Florida District Courts of Appeal, 1982

Lebrun v. State

Lebrun v. State
Florida District Courts of Appeal · Decided January 20, 1982 · Anstead, Dell, Downey
408 So. 2d 832; 1982 Fla. App. LEXIS 19000 (Southern Reporter, Second Series)

Lebrun v. State

Opinion of the Court

DOWNEY, Judge.

Appellant, James Michael Lebrun, appeals from a judgment of conviction and sentence for trespass while armed and grand theft. The only question presented that necessitates discussion is appellant’s contention that the trial court committed reversible error in allowing the state to adduce the testimony of a codefendant’s lawyer that the codefendant had pled guilty and been sentenced.

Lebrun, and three other boys, Hendrix, Dailey and Molinare, were allegedly hunting wild hogs. Hendrix took Lebrun’s shotgun, went ahead of the others, and shot a cow and a calf. Later the cow was butchered and a hindquarter taken to Lebrun’s house, dressed out, and partially eaten. Le-brun gave a statement to the police describing his involvement in the affair.

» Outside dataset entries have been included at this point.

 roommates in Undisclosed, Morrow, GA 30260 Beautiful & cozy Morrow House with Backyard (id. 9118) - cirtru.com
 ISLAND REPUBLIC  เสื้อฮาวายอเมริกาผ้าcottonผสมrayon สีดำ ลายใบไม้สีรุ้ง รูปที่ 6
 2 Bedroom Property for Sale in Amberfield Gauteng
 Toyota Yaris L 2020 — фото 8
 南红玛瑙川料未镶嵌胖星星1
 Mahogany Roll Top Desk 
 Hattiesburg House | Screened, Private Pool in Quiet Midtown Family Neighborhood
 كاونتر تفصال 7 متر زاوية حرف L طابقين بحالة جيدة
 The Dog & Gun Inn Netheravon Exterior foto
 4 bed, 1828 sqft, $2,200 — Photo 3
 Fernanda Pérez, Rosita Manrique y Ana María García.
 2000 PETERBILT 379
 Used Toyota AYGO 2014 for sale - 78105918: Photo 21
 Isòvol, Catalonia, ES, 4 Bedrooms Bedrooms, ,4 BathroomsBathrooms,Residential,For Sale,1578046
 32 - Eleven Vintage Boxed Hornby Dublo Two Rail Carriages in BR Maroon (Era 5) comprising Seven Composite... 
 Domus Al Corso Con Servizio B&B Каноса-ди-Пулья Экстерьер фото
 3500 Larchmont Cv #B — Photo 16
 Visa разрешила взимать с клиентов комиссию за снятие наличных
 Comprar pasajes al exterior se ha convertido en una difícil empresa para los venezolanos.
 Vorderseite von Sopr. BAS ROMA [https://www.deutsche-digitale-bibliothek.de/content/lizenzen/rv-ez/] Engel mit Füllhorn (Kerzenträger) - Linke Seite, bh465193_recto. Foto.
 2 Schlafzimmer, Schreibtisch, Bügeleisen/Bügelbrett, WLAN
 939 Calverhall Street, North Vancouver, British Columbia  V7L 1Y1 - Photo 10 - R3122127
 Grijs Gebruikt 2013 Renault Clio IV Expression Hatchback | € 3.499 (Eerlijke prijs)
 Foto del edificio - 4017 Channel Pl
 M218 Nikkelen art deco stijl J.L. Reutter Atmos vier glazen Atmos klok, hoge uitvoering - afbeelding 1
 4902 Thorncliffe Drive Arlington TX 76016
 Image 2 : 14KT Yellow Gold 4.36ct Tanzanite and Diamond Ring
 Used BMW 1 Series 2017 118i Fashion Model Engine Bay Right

Early in the trial the State called David Roth, Esquire, attorney for Dailey, who testified that he had represented Dailey; that Dailey had been subjected to the same charges as Lebrun and that Dailey had pled guilty and been placed on probation. He also testified the plea was not negotiated; it was a plea without any promises being made. Lebrun’s counsel was aware of what Roth would testify to so he objected to Roth’s taking the stand. He stated that he understood Roth would testify that “no deal” had been made with Dailey to exchange his testimony in this case for a plea. He contended that Roth’s testimony would be repetitious if Dailey also testified. He pointed out that if Dailey testified he was given a special deal that Roth’s testimony would only then become relevant.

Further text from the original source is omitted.